**TASK OBJECTIVE**. After finding "Promotions Pizza margherita" in the data, write out its line and all following lines without change, up to and including the last one. Leave out pictures.

**MATERIAL TO PROCESS**.

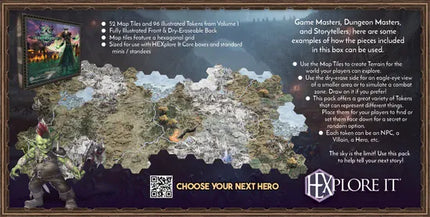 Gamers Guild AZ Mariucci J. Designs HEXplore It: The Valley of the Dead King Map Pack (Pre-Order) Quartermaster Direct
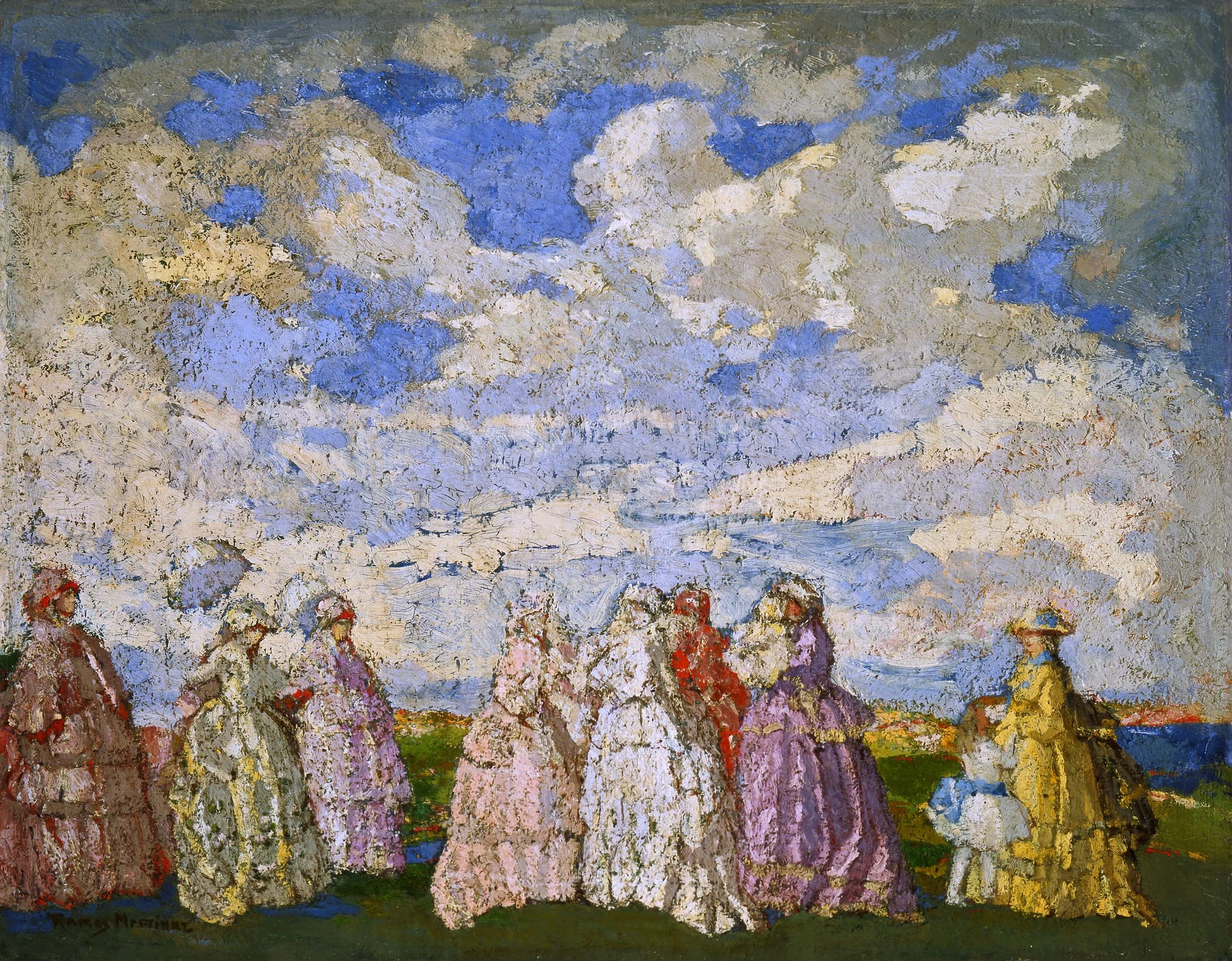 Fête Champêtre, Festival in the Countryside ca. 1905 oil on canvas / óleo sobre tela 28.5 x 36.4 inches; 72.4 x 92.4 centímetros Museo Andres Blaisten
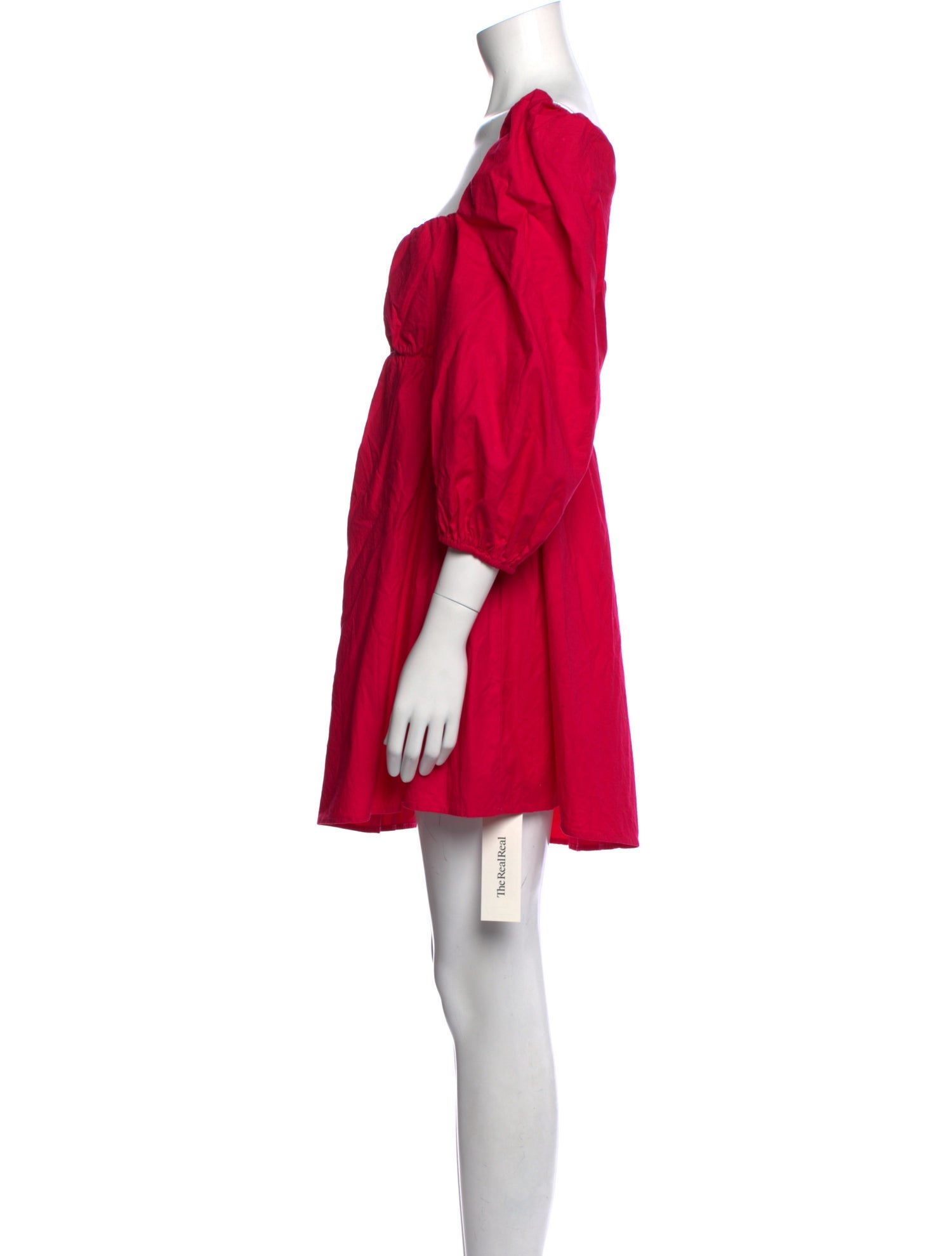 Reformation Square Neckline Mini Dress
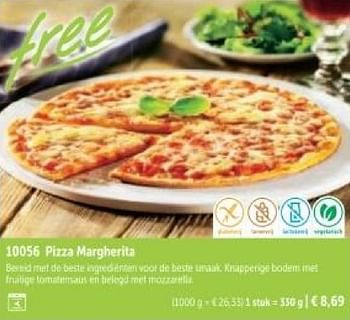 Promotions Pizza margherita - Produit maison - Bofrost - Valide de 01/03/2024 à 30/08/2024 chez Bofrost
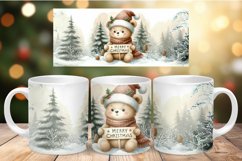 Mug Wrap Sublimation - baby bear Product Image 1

**ANSWER TO THIS PROBLEM**.
 Promotions Pizza margherita - Produit maison - Bofrost - Valide de 01/03/2024 à 30/08/2024 chez Bofrost
 Mug Wrap Sublimation - baby bear Product Image 1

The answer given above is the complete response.